Fool proof sparklines (how to create them even if your library does not support them)

Many people in the data domain will be well aware of the usefulness of visualisation, and presenting data in a meaningful easily digestible format. Early in a data practitioners career most data might be show as a table; as the person develops they  soon begin to understand the importance of charting and plotting.

Faced with a new dataset one of the first tasks undertaken is often to plot the data to get a better understanding. Is the data random; is it clustered ? If clustered, are there several discrete groups ? If there are groups, are there outliers which might represent noise or bad data; all of these can be quickly observed by plotting a chart, but would not be visible in a table of thousands or millions of rows.

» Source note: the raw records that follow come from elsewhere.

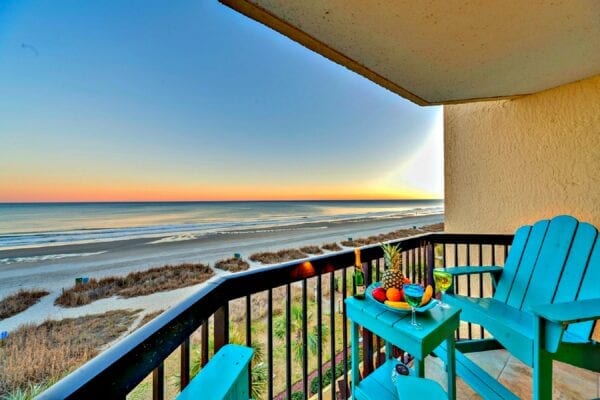 A view of the beach from the Pinnacle Oceanfront Tower 452 balcony
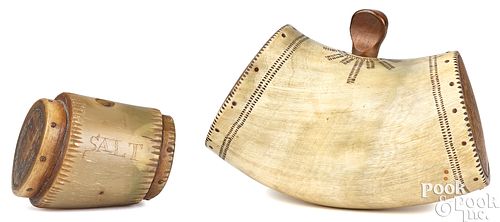 Two engraved scrimshaw horns, 19th c.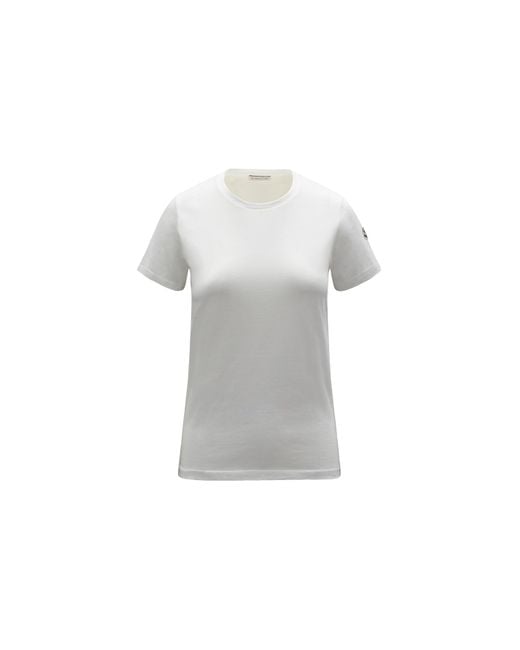Camiseta en punto de algodón Moncler de color Gray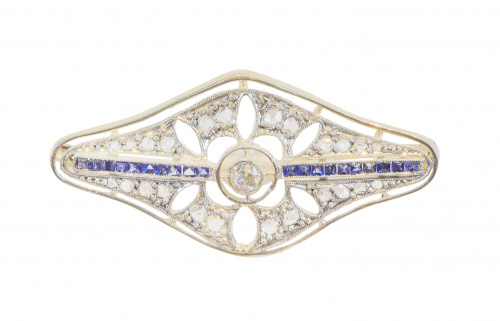 Placa broche Art-Decó de diamantes, con zafiros talla calib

Many great strides have been made in the visual representation of data and one the grandfathers of this approach was Edward Tufte who has authored numerous books on the visual representation of data.

Tufte is a great advocate of sparklines. For those who are unaware of sparklines, think of them as a graph compressed to the size of a piece of text. Lets imagine a situation where this might be useful. On a hospital ward a patient might have readings taken at regular intervals and recorded on a piece of paper. Any visiting doctor / registrar will need to look through the paperwork and build a mental image in their head.

patientsparkline

Shown above is an enlarged spreadsheet showing regular readings of a pulse over time. Notice how you can quickly spot a peak in the pulse with the inline condensed chart. Using this you might follow the data trail back to find out the time this occurred and then see if the patient was adminstered any medication or if any factors occurred which might have resulted in this peak.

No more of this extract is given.